== Try it ==
Exactly the lines starting at the line containing "Carnet Thème spatial (Devant)" and ending at the line containing "CHSF content promoted on social media" are to be written out from the listing below, both included.

== Record extracts ==
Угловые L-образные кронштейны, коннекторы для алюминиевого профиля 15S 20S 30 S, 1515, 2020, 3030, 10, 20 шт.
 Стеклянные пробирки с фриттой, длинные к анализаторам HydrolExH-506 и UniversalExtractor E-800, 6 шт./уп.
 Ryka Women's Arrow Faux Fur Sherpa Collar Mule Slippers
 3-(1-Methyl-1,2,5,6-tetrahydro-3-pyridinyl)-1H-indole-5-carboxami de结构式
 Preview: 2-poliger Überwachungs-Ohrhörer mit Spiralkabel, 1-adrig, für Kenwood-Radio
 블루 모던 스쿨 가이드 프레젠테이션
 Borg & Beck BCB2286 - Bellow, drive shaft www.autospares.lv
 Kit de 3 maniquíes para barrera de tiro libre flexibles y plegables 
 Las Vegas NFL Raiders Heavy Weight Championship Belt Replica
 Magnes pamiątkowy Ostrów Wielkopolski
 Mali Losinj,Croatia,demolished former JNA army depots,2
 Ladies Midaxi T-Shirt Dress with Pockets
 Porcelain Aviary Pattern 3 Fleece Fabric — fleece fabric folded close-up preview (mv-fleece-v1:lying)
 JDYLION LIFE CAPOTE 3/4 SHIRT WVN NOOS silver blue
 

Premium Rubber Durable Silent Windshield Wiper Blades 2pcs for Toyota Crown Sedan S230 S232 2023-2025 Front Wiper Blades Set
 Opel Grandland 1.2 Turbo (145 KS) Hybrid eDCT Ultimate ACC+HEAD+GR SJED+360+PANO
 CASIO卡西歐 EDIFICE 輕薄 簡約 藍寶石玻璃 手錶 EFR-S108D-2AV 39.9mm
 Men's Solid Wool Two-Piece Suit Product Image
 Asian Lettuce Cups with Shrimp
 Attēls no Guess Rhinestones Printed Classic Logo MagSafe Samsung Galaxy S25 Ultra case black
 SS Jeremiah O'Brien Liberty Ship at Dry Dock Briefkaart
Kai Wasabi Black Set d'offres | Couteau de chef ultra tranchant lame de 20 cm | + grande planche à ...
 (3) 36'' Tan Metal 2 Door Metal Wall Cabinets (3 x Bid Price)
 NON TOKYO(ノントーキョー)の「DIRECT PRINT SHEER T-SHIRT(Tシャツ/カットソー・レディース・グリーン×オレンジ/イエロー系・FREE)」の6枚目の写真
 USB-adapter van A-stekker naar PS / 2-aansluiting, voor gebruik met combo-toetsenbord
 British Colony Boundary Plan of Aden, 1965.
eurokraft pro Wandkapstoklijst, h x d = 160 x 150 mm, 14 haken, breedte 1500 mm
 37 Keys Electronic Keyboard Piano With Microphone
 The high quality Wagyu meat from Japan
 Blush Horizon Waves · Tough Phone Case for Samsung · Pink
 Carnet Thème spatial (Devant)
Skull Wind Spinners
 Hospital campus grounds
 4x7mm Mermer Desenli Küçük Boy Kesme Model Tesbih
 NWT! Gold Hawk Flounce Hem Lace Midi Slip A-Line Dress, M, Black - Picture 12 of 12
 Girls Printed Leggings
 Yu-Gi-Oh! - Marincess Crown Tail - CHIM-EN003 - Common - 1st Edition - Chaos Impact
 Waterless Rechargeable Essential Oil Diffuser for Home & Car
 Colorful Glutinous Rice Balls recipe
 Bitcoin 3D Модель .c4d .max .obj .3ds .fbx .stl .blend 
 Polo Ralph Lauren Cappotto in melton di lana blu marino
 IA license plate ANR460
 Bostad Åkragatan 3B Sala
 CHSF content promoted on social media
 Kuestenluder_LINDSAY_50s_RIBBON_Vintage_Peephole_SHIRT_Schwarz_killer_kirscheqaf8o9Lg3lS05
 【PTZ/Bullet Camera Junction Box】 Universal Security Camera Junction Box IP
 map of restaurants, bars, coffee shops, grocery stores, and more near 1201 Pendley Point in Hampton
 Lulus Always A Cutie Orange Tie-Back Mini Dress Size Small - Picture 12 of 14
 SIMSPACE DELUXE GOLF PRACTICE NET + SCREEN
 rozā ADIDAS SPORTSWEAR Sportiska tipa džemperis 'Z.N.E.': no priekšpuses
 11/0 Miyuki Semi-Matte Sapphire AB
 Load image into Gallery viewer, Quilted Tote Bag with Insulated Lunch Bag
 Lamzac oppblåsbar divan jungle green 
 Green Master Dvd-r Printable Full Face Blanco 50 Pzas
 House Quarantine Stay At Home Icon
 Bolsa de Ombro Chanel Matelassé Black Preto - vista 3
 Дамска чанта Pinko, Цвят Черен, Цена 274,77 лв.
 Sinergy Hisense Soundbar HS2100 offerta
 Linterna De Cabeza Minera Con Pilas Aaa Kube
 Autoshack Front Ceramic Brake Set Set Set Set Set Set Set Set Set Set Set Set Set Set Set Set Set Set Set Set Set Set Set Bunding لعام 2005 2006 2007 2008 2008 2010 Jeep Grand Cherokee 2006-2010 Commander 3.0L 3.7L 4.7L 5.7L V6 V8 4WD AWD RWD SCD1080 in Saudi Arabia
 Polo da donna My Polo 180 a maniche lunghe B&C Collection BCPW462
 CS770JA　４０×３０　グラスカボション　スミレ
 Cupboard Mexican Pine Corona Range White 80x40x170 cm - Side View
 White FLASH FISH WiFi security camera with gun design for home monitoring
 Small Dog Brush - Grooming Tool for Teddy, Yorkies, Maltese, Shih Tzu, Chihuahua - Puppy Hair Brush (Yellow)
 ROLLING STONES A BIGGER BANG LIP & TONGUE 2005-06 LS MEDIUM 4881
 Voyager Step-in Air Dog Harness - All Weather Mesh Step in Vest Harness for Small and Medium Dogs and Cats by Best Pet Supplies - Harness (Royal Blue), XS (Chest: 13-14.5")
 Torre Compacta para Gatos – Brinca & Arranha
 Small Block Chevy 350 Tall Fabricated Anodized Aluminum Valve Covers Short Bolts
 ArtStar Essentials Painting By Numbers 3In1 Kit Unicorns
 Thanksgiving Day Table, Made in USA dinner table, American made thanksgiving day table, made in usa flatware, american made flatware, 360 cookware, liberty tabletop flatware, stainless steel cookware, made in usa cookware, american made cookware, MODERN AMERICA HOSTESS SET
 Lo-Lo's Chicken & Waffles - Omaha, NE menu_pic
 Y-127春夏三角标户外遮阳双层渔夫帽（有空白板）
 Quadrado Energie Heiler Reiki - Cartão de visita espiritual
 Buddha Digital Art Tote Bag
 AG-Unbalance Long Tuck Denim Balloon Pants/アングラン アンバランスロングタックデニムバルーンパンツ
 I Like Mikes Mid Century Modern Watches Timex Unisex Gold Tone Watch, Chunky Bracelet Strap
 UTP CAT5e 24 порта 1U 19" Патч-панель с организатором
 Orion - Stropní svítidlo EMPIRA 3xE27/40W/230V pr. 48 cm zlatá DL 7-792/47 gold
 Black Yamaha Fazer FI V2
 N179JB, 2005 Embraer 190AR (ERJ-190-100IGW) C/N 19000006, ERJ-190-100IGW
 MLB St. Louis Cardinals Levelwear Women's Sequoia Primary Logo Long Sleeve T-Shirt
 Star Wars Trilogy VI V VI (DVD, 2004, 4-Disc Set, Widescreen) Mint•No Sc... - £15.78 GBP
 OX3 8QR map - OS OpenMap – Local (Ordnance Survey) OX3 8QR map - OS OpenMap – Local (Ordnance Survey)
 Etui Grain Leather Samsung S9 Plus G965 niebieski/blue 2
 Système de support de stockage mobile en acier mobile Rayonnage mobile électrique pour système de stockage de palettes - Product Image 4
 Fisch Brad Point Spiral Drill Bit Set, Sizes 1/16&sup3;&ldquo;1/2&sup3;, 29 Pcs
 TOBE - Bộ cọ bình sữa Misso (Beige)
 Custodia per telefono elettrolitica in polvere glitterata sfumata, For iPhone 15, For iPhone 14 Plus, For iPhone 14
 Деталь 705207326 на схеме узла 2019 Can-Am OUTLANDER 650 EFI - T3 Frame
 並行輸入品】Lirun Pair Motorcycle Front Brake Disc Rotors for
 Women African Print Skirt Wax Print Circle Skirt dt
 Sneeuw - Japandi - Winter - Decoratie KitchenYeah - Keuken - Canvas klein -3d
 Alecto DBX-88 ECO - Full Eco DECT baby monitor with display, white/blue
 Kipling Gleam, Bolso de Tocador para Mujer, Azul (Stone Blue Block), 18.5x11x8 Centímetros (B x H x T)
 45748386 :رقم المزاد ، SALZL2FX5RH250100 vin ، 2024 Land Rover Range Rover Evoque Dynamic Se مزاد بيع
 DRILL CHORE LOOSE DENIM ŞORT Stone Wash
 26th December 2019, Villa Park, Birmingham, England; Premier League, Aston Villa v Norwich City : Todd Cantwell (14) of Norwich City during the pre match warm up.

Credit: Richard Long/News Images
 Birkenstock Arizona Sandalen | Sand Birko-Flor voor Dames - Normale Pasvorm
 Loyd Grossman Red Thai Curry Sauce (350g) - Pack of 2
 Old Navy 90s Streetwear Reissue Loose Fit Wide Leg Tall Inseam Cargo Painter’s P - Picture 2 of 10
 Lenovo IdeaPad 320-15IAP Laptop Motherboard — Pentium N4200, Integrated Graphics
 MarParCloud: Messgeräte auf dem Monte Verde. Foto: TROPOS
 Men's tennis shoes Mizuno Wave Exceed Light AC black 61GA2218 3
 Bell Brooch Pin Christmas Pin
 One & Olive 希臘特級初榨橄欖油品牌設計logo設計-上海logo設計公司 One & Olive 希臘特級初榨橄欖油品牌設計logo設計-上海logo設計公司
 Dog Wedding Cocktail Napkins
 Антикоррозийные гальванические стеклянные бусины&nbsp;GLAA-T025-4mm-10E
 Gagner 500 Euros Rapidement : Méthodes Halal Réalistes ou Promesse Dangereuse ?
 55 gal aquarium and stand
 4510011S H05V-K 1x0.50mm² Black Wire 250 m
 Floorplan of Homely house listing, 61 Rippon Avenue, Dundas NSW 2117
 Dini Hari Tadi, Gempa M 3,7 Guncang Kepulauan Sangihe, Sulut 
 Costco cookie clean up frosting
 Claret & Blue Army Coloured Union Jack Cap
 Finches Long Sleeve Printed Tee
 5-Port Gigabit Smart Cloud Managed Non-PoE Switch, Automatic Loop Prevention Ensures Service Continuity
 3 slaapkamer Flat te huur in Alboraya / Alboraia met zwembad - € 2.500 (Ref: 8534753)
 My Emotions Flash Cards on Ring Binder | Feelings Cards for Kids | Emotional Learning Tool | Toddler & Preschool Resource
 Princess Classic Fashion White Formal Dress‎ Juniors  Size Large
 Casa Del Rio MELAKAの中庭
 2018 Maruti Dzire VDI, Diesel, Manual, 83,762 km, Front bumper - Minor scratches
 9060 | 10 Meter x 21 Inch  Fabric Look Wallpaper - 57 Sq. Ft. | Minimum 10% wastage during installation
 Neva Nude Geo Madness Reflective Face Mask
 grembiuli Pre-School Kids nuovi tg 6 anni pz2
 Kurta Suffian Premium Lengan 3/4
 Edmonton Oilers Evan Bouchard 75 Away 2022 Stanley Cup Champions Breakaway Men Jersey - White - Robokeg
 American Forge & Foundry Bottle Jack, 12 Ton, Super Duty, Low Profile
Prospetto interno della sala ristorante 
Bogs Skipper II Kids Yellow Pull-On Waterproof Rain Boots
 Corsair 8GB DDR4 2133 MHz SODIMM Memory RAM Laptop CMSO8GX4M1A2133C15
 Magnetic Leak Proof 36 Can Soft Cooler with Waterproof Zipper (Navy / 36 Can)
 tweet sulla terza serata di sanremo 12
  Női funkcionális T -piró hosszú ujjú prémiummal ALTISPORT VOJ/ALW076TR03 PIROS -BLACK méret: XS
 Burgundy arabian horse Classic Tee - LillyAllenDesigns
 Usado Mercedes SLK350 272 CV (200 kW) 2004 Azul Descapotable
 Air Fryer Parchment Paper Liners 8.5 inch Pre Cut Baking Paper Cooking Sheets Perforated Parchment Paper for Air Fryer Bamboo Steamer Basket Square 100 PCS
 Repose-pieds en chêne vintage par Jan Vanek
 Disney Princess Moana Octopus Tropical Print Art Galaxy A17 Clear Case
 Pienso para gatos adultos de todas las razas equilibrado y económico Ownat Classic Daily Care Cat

== Exercise solution ==
 Carnet Thème spatial (Devant)
Skull Wind Spinners
 Hospital campus grounds
 4x7mm Mermer Desenli Küçük Boy Kesme Model Tesbih
 NWT! Gold Hawk Flounce Hem Lace Midi Slip A-Line Dress, M, Black - Picture 12 of 12
 Girls Printed Leggings
 Yu-Gi-Oh! - Marincess Crown Tail - CHIM-EN003 - Common - 1st Edition - Chaos Impact
 Waterless Rechargeable Essential Oil Diffuser for Home & Car
 Colorful Glutinous Rice Balls recipe
 Bitcoin 3D Модель .c4d .max .obj .3ds .fbx .stl .blend 
 Polo Ralph Lauren Cappotto in melton di lana blu marino
 IA license plate ANR460
 Bostad Åkragatan 3B Sala
 CHSF content promoted on social media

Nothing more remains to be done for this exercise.